Éder

Personal information
- Full name: Edson Correia de Araujo
- Date of birth: 10 June 1988 (age 37)
- Place of birth: Maceió (city)/ Alagoas, (AL), Brazil
- Height: 1.71 m (5 ft 7 in)
- Position: Defensive midfielder

Team information
- Current team: São Bento

Youth career
- CRB

Senior career*
- Years: Team / Apps / (Gls)
- 2009–2010: CRB / 6 / (0)
- 2012: Santacruzense / 14 / (0)
- 2012: Arapongas / 5 / (0)
- 2013: Rio Claro / 17 / (1)
- 2014–2015: São Bento / 26 / (4)
- 2015: Paraná / 21 / (0)
- 2016: São Bento / 14 / (2)
- 2016: Spartak Trnava / 5 / (1)
- 2017: Grêmio Novorizontino / 9 / (0)
- 2017: Red Bull Brasil / 4 / (0)
- 2017–2018: São Bento / 6 / (2)
- 2018–2020: Red Bull Brasil

= Éder (footballer, born 1988) =

Brazilian footballer (born 1988)

Edson Correia de Araujo, better known as Éder (born 10 June 1988), was a Brazilian footballer who played as a defensive midfielder.

==Club career==

=== Spartak Trnava ===
In June 2016, Éder transferred to Slovak club Spartak Trnava, signing a two-year contract.

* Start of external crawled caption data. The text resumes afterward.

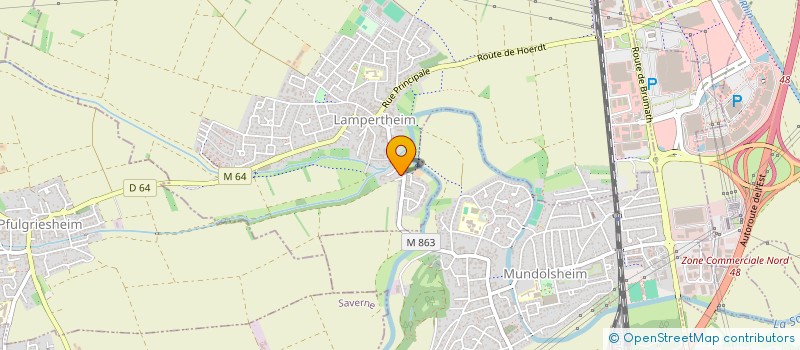 localisation de l'entreprise SCI FOCH67  LAMPERTHEIM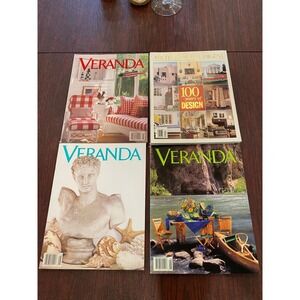 Lot of 4 Architectural Digest, and Veranda Magazines, Interior Design, Decor,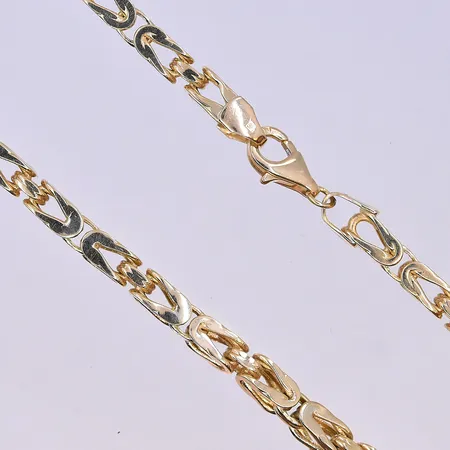 Kedja Kejsarlänk, längd 54,5 cm, bredd 4 mm, 18K. Vikt: 31 g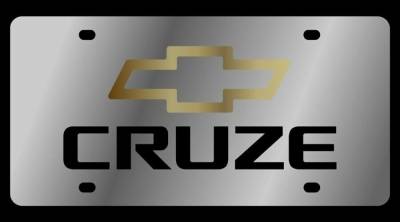 Eurosport Daytona - Eurosport Daytona 1375-1GB Stainless License Plate Cruze Bowtie Logo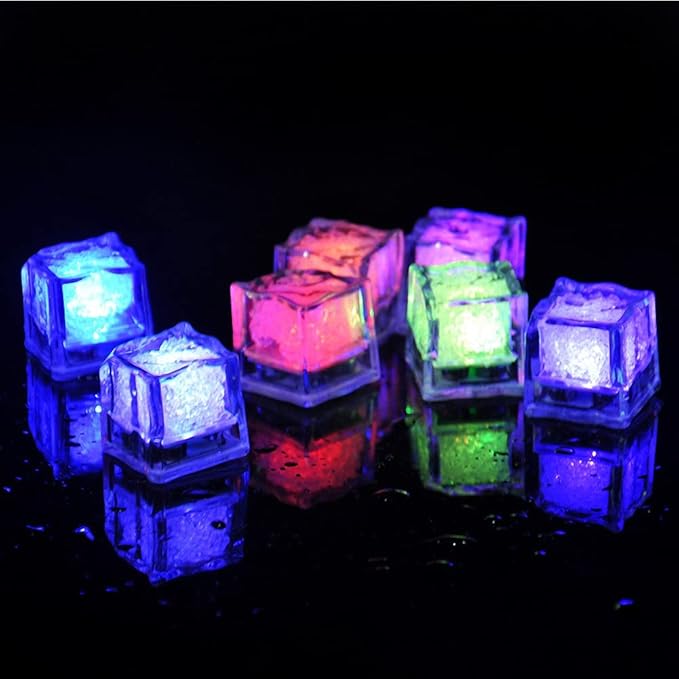 Glaçons LED | Pour une expérience de boisson élégante | Lot de 12 pièces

He made his debut for Spartak Trnava in a 1–1 draw against Armenian side Shirak SC in the second round of the 2016–17 UEFA Europa League qualifiers. He made his professional Fortuna Liga debut against DAC Dunajská Streda on 24 July 2016. He was praised for his performance in the 2–1 win, scoring in the 18th minute to level the game at 1–1. Due to injuries, his playing time at Spartak would be limited, resulting in the termination of his contract with the club in October 2016. Éder played a total of eight matches for Spartak Trnava, five in the league, two in the Europa League qualifiers and one in the Slovak Cup.